Task item.
In the data below, find the line containing "ISUZU/NQR 175/75 COMPATTATORE" and the line containing "ASRock 890GM Pro3 (AMD 890GX) Motherboard", then reproduce them and every line between, exactly. Omit pictures.

Source records.
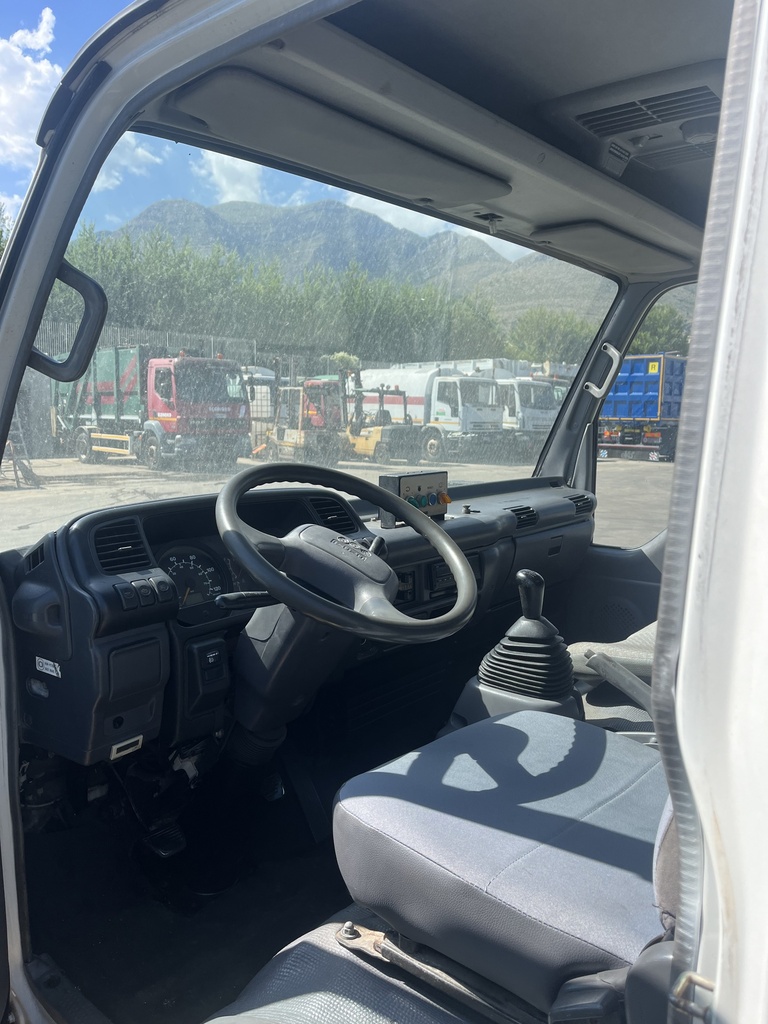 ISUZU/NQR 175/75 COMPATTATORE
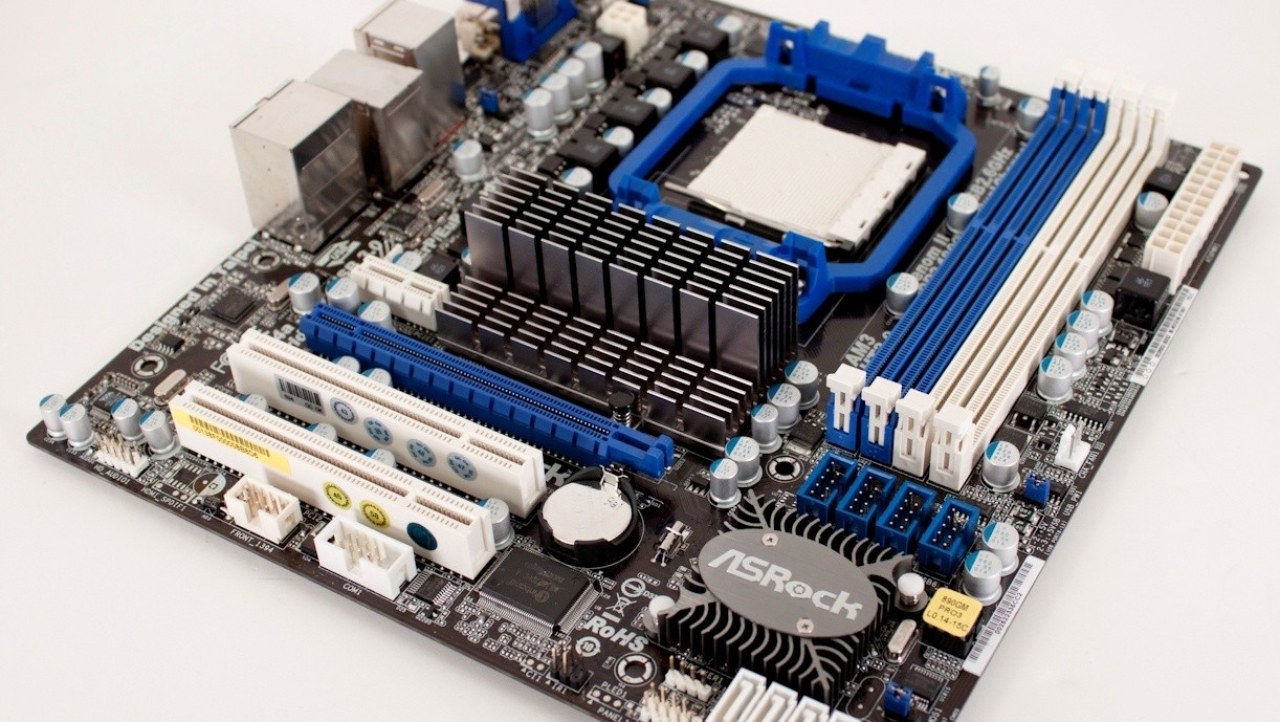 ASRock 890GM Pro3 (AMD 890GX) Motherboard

* * *

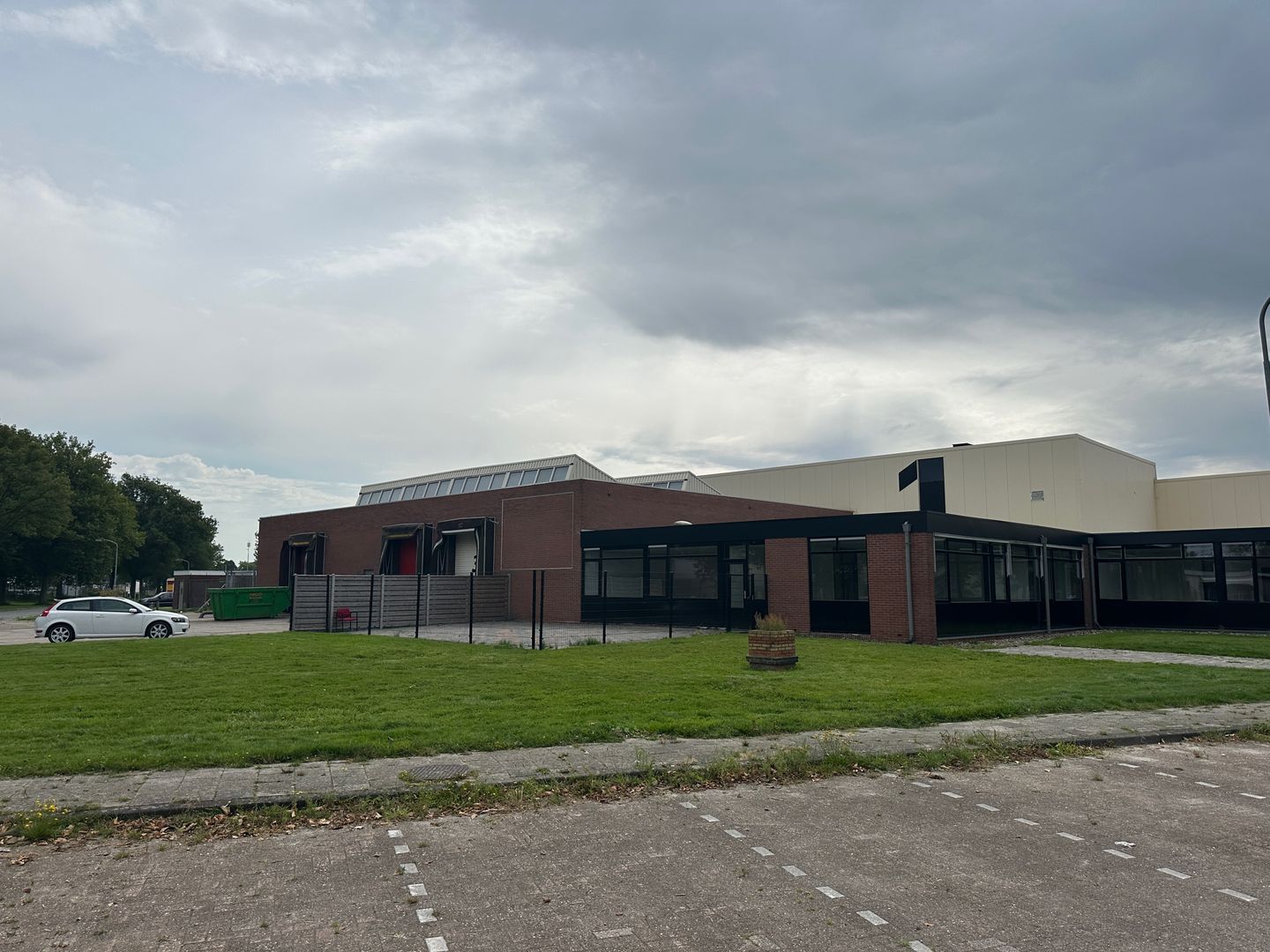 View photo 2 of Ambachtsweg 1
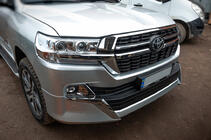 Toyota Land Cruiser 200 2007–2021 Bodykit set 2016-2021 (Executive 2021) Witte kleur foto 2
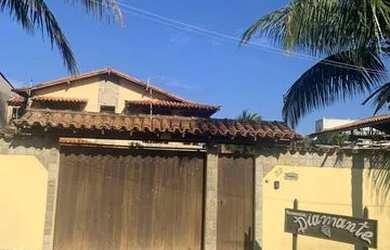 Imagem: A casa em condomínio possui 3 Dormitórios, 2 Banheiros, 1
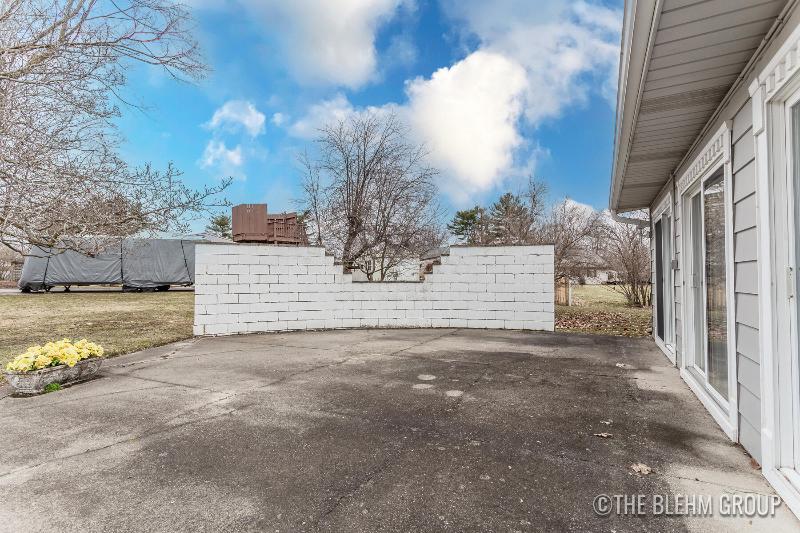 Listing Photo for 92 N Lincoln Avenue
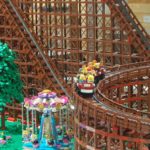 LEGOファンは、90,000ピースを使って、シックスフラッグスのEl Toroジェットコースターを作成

Response to this exercise.
 ISUZU/NQR 175/75 COMPATTATORE
 ASRock 890GM Pro3 (AMD 890GX) Motherboard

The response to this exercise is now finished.